8. We have given our thoughtful consideration to the respective submissions made by the learned counsel for the parties.

9. It would be advantageous to refer to s. 142A of the Act as inserted by Finance (No. 2) Act, 2004 w.e.f. 15th Nov., 1972 which reads thus :

“142A. Estimate by Valuation Officer in certain cases.—(1) For the purposes of making an assessment or reassessment under this Act, where an estimate of the value of any investment referred to in s. 69 or s. 69B or the value of any bullion, jewellery or other valuable article referred to in s. 69A or s. 69B is required to be made, the AO may require the Valuation Officer to make an estimate of such value and report the same to him.

(2) The Valuation Officer to whom a reference is made under sub-s. (1) shall, for the purposes of dealing with such reference, have all the powers that he has under s. 38A of the WT Act, 1957 (27 of 1957).

(3) On receipt of the report from the Valuation Officer, the AO may, after giving the assessee an opportunity of being heard, take into account such report in making such assessment or reassessment :

Provided that nothing contained in this section shall apply in respect of an assessment made on or before the 30th day of September, 2004, and where such assessment has become final and conclusive on or before that date, except in cases where a reassessment is required to be made in accordance with the provisions of s. 153A.”

10. A plain reading of sub-s. (1) makes it clear that for making an assessment or reassessment under the Act, an estimate is required to be made in respect of any investment referred to in s. 69 or s. 69B or the value of any bullion, jewellery or other valuable article referred to in s. 69A or s. 69B is required to be made, the AO may refer the matter to the Valuation Officer for estimating the said value and reporting the matter to him. Sub-s. (2) stipulates that the Valuation Officer to whom the reference is made under sub-s. (1) shall, have all the powers similar to s. 38A of the WT Act, 1957 while dealing with such reference. According to sub-s. (3), the AO on receipt of report from the Valuation Officer may take the same into consideration while making assessment or reassessment after providing an opportunity of being heard to the assessee. However, a proviso has been added, according to which this section shall not apply in respect of an assessment made on or before 30th Sept., 2004 where such assessment has become final and conclusive on or before that date except in cases where a reassessment is required to be made in accordance with the provisions of s. 153A. The amendment is inserted retrospectively from 15th Nov., 1972.

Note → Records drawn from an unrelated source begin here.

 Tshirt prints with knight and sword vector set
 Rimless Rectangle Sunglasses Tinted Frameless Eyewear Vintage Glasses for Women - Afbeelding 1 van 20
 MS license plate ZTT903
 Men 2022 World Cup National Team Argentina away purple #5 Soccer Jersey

11. The question regarding the applicability of s. 142A of the Act was subject matter of consideration before this Court in Krishan Lal Dua’s case (supra) wherein the assessment had become final on 31st March, 1995 and the same was not liable to reassessment under s. 153A of the Act, it was held that s. 142A of the Act would not be applicable as the proviso was attracted. The Allahabad High Court in Smt Shashi Agarwal’s case (supra) had held that where the Tribunal had passed the order before the cut-off date prescribed under the proviso to s. 142A of the Act and the appeal under s. 260A of the Act being maintainable before the High Court only on substantial question of law, therefore, it could not be said to be continuation of the assessment proceedings within the meaning of proviso to s. 142A of the Act. The AO, thus, had no power to refer the matter to the DVO. Similar view has been taken by Delhi and Calcutta High Courts.

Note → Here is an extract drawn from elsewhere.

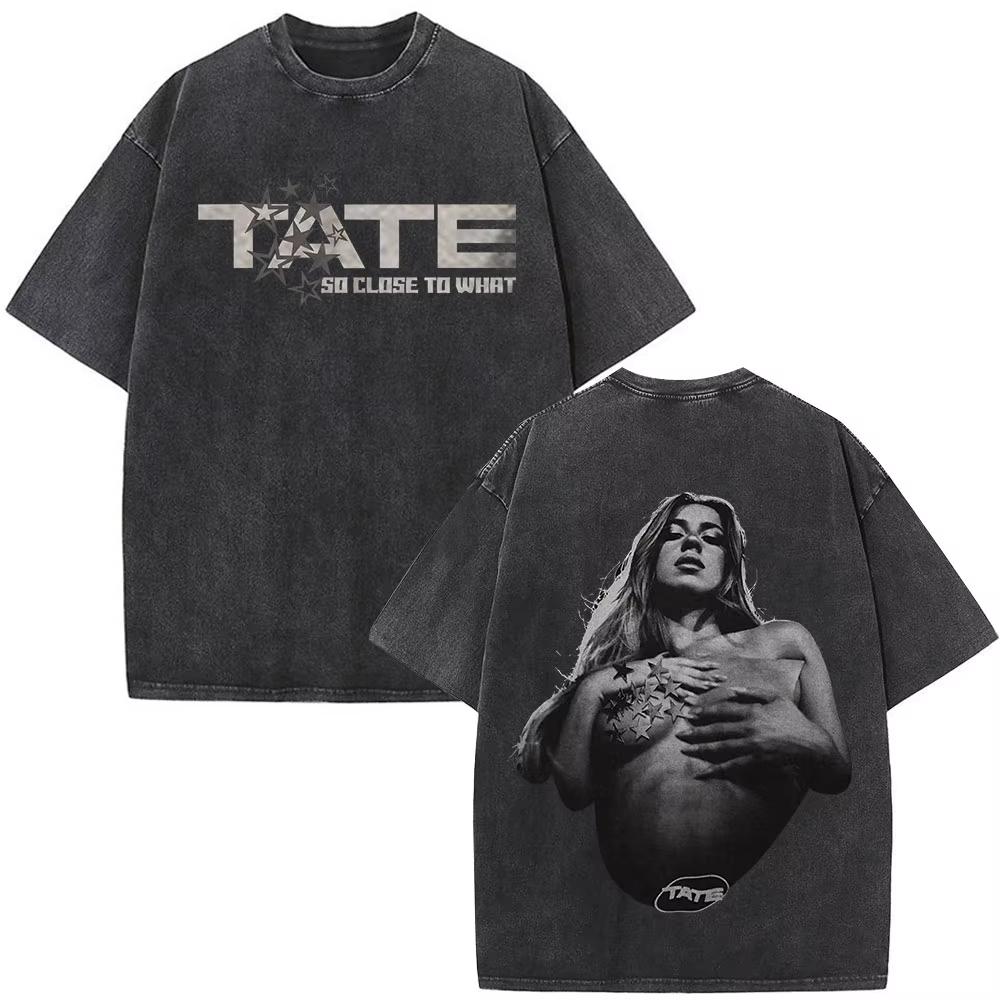 

Tate McRae So Close To What Album Tour Washed Tshirt Men Women Cotton Short Sleeve Summer Vintage T Shirt Tops Fans Gift 2XL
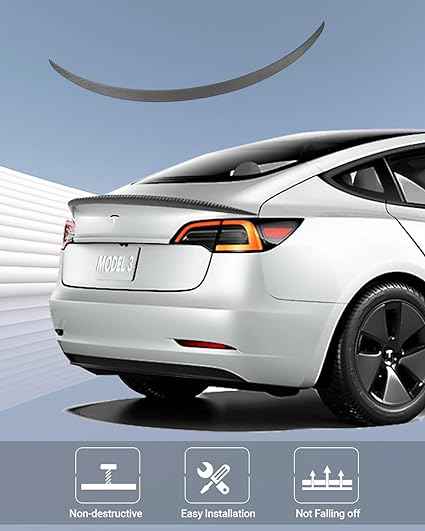 For 2017-2023 Tesla Model 3 Performance Spoiler Trunk Wing Matte Carbon Fiber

12. In view of the above, we hold that s. 142A of the Act is not attracted to the facts of the present case and, thus, no reliance can be placed upon that. Once that is so, then as laid down by the apex Court in Smt. Amiya Bala Paul’s case (supra), the reference made by the AO to the DVO was not justified. Consequently, the addition sought to be made on the basis of report of the DVO cannot legally be done.

13. Accordingly, question No. 1 referred to above is also answered against the Revenue and in favour of the assessee.